Task details: In the entries below, find the line containing "Le Chuchoteur de" and the line containing "Peinture fluorescente 7ml". Copy those two lines and everything between them exactly, and only that.

Provided data:
....

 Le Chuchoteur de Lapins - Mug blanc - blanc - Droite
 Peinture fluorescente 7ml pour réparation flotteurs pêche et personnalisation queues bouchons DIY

....

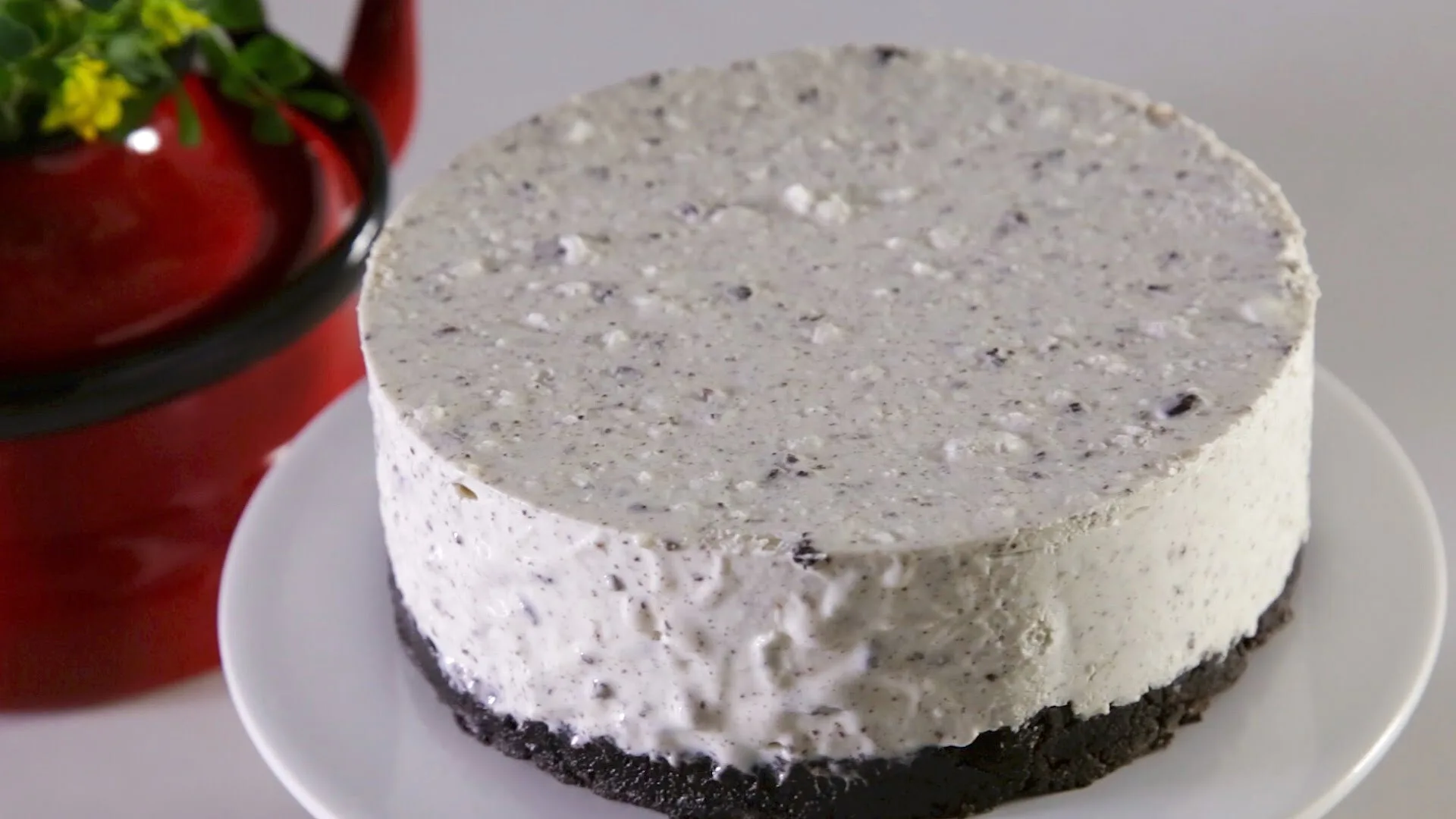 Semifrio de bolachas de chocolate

....

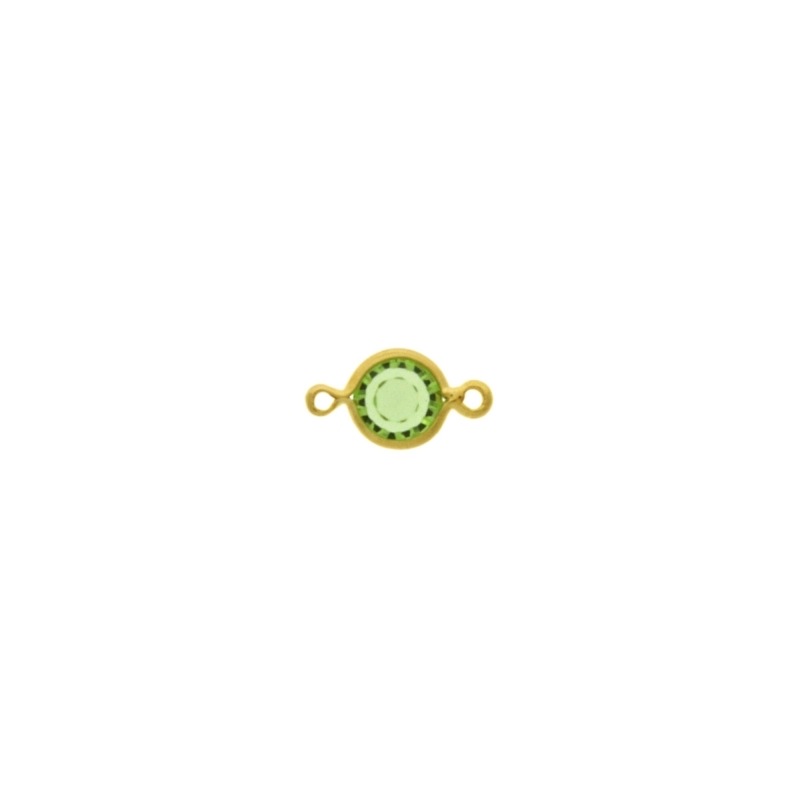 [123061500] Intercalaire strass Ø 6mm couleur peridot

....

Response:
 Le Chuchoteur de Lapins - Mug blanc - blanc - Droite
 Peinture fluorescente 7ml pour réparation flotteurs pêche et personnalisation queues bouchons DIY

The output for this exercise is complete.